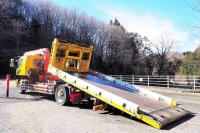 Mitsubishi FUSO FIGHTER 2011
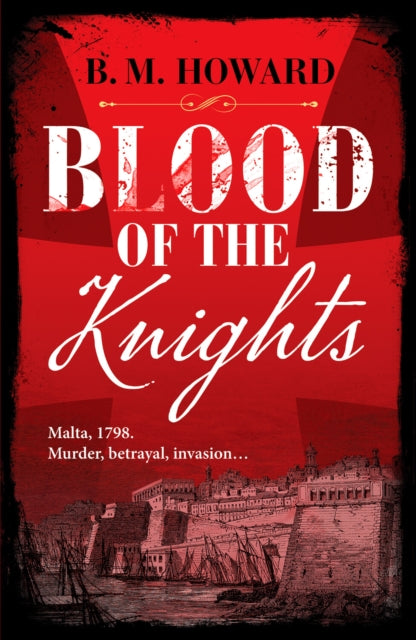 Binding: Paperback
Description: When you play a double game if you lose you die. Tasked by General Napoleon Bonaparte with effecting a perilous entry into the fortress convent of Valletta Lieutenant Vanderville sides with a renegade Maltese desperate to end the oppressive rule of the Knights of St John.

# [EXERCISE DETAILS]
All of the data should come back exactly as written, but without pictures.

# [SOLUTION]
 Mitsubishi FUSO FIGHTER 2011
 Binding: Paperback
Description: When you play a double game if you lose you die. Tasked by General Napoleon Bonaparte with effecting a perilous entry into the fortress convent of Valletta Lieutenant Vanderville sides with a renegade Maltese desperate to end the oppressive rule of the Knights of St John.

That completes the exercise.